MDA issued an RFI on May 5 to conduct market research “to assist in the identification of innovative Missile Defense System technologies, architectures, concepts and Concept of Operations (CONOPS) to address regional and homeland ballistic, hypersonic, and cruise missile threats in the 2045 time epoch.”
Companies that respond to the solicitation can access a classified annex of details for the specific missile defense needs and threats MDA anticipates going forward in the next few decades.
The agency said it is specifically looking for “new, innovative, and potentially disruptive concepts” while the RFI is meant to “capture a broad swath of enabling and/or revolutionary technologies.”
MDA is seeking responses from a wide array of respondents including large and small businesses, academia, non-traditional defense contractors, Federally Funded Research and Development Centers and University Affiliated Research Centers.
The notice underscored that, given the 2045 threat in the classified annex, MDA expects some of the industry concepts will be of a lower Technology Readiness Level (TRL), which is acceptable in this RFI.
The solicitation said DoD plans to use the technical responses to support capability forecasts, technology program planning, inform phased implementation planning and the science and technology investment strategy.
As part of this effort, MDA plans to conduct an industry day on June 15 at MDA’s facility at Redstone Arsenal in Huntsville, Ala. It will include both a Secret and Top Secret/Sensitive Compartmented Information (TS/SCI) threat briefings.
More specifically, MDA said the RFI is seeking concepts and technologies with a spectrum of capabilities, including disruptive technologies.
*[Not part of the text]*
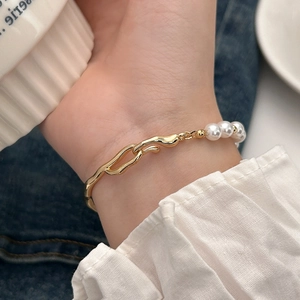 Detail of textured gold links and elegant pearls on wrist with soft fabric background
This includes sensors, defeat mechanisms, fire control, command and control and battle management and communications and “left through right of launch.”
All of these concepts should be able to evolve to counter advanced missile defense threats around 2045.
The notice said submissions “should consider effectiveness, survivability, costs, and address relevant portions of the Missile Defense System kill chain.”
The kill chain consists of plan, left through right of launch, detect/track/discriminate, command and control, engage and assess.
Notably, the notice said MDA is also interested in identifying and countering the development, acquisition, proliferation and use of offensive missiles to limit their damage aside from traditional missile defense systems.
The agency listed submissions should detail advanced technologies and complete missile defense architectures with weapons sensors, fire control including command and control, communications, and interface to Missile Defense System battle management and the associated research and development technology programs needed to produce them.
MDA is also interested in the submissions including information like technical descriptions of key enabling technologies, a description of the manufacturing readiness level of the concepts, identification of any near-term manufacturing technology investments needed to move the technology into production, and a description of the domestic industrial base capacity for any concepts.
This includes descriptions of if there are sufficient domestic sources for materials and manufacturing/assembly capabilities to satisfy potential demand, near term industrial base investments needed to enable these concepts the most important near-term technology investments to enable a 2045 solution, rough order of magnitude estimate of costs, expected operational life expectancy of any systems, survivability and resilience strategies, design features that could allow for cost savings, and “any potential revolutionary, game-changing, leap ahead technologies that could out-pace the 2045 threat.”
While MDA prefers to see complete future architectures, the notice said partial solutions are useful too while extensions to existing systems “should depict how the changes would result in the desired capability.”